** Data to use follows **
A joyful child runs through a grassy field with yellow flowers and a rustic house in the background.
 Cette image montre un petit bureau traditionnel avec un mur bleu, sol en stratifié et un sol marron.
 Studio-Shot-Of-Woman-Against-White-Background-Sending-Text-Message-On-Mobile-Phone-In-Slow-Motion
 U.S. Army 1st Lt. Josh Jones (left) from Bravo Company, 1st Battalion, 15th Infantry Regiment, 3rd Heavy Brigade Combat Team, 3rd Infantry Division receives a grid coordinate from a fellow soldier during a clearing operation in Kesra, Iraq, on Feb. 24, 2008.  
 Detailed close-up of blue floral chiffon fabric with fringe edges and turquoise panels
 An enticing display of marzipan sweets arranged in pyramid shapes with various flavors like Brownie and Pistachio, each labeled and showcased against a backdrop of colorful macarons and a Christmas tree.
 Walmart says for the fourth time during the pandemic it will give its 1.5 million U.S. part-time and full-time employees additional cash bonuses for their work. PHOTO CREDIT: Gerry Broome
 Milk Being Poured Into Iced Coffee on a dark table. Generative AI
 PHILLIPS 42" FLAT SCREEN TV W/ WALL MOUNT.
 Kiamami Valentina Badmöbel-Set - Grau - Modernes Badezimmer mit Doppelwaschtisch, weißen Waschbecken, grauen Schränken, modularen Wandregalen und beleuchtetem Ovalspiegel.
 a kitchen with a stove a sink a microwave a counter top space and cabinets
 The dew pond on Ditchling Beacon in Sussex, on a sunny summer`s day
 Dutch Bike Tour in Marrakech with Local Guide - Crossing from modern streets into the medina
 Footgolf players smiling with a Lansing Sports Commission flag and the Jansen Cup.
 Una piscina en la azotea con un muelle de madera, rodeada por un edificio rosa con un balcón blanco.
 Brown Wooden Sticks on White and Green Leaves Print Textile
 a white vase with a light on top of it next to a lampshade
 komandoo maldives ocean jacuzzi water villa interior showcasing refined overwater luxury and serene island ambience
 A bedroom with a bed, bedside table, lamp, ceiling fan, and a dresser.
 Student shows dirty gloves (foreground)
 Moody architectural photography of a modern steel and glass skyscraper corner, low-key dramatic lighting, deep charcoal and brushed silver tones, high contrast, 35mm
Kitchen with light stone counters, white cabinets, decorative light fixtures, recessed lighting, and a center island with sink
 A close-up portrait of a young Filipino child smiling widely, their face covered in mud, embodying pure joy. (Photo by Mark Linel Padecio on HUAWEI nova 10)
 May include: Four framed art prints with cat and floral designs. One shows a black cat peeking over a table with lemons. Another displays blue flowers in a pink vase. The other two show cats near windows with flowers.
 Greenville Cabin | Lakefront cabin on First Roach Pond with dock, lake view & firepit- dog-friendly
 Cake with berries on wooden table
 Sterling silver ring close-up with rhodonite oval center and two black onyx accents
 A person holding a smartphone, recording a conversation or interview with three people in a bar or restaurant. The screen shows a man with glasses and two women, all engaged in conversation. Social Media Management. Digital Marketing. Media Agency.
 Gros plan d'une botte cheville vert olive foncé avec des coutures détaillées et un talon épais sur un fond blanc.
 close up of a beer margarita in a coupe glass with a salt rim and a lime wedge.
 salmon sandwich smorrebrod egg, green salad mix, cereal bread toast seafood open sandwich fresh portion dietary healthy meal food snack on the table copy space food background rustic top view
** End of Data to use **
About this exercise: Go through the entries and copy every line with "silver".

Written solution:
 Moody architectural photography of a modern steel and glass skyscraper corner, low-key dramatic lighting, deep charcoal and brushed silver tones, high contrast, 35mm
 Sterling silver ring close-up with rhodonite oval center and two black onyx accents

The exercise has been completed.